Ein 29-jähriger Syrer muss sich wegen Vergewaltigung vor dem Amtsgericht Marbach verantworten. Gegen den Mann ist ein zweites Verfahren anhängig. Er soll Mitglied des sogenannten Islamischen Staats gewesen sein.

Stuttgart/Marbach am Neckar - Am Amtsgericht in Marbach wird umgebaut. Das ist allerdings nicht der Hauptgrund, warum das Schöffengericht am Dienstag in das Mehrzweckgebäude des Oberlandesgerichts Stuttgart nach Stammheim ausgewichen ist. Das Schöffengericht verhandelt gegen einen Syrer, der eine seiner drei Frauen verprügelt und vergewaltigt haben soll. Solch ein Verfahren wäre auch in Marbach möglich gewesen. Doch auch die Bundesanwaltschaft ermittelt gegen den 29-Jährigen. Es heißt, der Mann soll vor seiner Flucht nach Deutschland in seiner Heimat der Terrororganisation Islamischer Staat (IS) angehört haben. Deshalb findet der Amtsgerichtsprozess in Stuttgart unter strengen Sicherheitsmaßnahmen statt.

 

Der Mann weist den Terrorvorwurf zurück

Die Vorsitzende Richterin streift die Ermittlungen der Bundesanwaltschaft nur kurz. „Gegen Sie wird in einem zweiten Verfahren ermittelt, weil Sie beim Islamischen Staat gewesen sein sollen“, sagt sie. Der Angeklagte weist das von sich. Er sei damals gezwungen worden. Er habe in Syrien kein Geld und keine Arbeit gehabt. Wenn man den Anweisungen des IS nicht Folge geleistet habe, sei man verhaftet worden und spurlos verschwunden.

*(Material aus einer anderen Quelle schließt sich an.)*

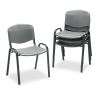 Stacking Chair, Supports Up to 250 lb, Charcoal Seat/Back, Black Base, 4/Carton2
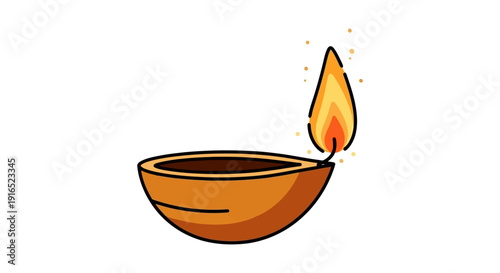 Traditional Indian Diya Oil Lamp Burning Brightly.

Den Oberstaatsanwalt Martin Renninger interessiert das am Dienstag nur am Rande. Er wirft dem Mann vorsätzliche und gefährliche Körperverletzung sowie Vergewaltigung seiner Ehefrau vor. So klar der Vorwurf ist, so unübersichtlich wird es in der Folge. Denn der Angeklagte hat offenbar drei Ehefrauen. Das Opfer soll die Ehefrau Nummer drei sein. Diese habe zeitweise in der Zwei-Zimmer-Wohnung des 29-Jährigen in Bietigheim-Bissingen gewohnt, in der er mit der Ehefrau Nummer eins, seinen beiden Kindern und mehreren Schwestern lebte.

Im März dieses Jahres soll es zu wüsten Übergriffen gekommen sein. Einmal habe der Mann das Opfer in die Nieren getreten. Bei einer anderen Gelegenheit habe er die Frau bewusstlos geschlagen. Schließlich soll er sie vergewaltigt haben.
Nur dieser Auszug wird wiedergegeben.